Dos males, o pior

Tempos atrás escrevi aqui sobre as piores provações que podemos enfrentar morando sozinho. Nesse fim de semana adoeci, e definitivamente, essa é a pior delas. Os outros dois perrengues, bicho escroto e mão de obra, me deixam brava (a presença do primeiro e a ausência do segundo), e disso eu dou conta – embora com menos eficiência do que gostaria. Agora ficar doente sozinha te derruba mais que a enfermidade em si (lembro de um episódio de “Sex and the City” em que a Miranda pira com uma vizinha que morre e só é descoberta três dias depois). Exagero, drama, eu sei, mas a gente fica vulnerável, e daí pra ficar pensando merda é um pulo. Porque toda doença exige um nível de cura para além do comprimido que, ora bolas, você pode levantar e tomar, mas faz muito mais efeito se alguém lhe entrega, junto com um chazinho e uma afofada no travesseiro, não é mesmo?

Duro lidar com a sensação de desamparo, ainda que ela seja apenas isso, uma sensação, que não corresponde exatamente à realidade. Porque eu tenho amigos muitos, familiares queridos, eu poderia ter convocado alguém, mas, francamente, por causa de uma gripe? Aí não, até carência tem limite, for Christ’s sake! Paradoxalmente, quando menos grave, pior: se eu estivesse com, sei lá, suspeita de dengue (toc toc toc na madeira) ok, me aboletaria no sofá do meu pai sem cerimônia, ou acionaria a Dedear, que certamente tomaria uma providência rápida e acertada. Mas por causa de uma febre alta, dor de garganta… não rola, né? Mas também não impede que você fique ali na cama, suando feito um mouro e se sentindo um pano de chão esquecido num canto.
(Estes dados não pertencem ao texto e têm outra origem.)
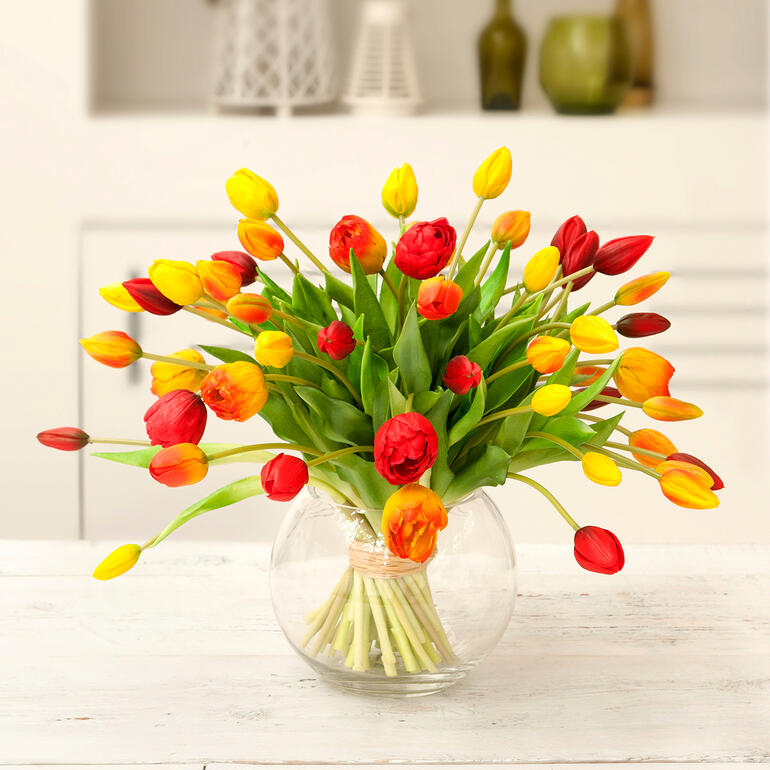 Gelb/Orange/Rot Bunter Tulpenstrauß in einer runden Glas Vase.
Justiça seja feita, em meio a isso tudo, um aroma de alfazema atravessou o Atlântico e me animou um bocado – só depois de senti-lo fui capaz de preparar uma refeição digna desse nome. Eu disse que o desamparo não era total, mas também é verdade que nem sempre as pessoas prestam atenção. Obrigada pela sua, P., foi importante. E a sua também, Claudio Luiz.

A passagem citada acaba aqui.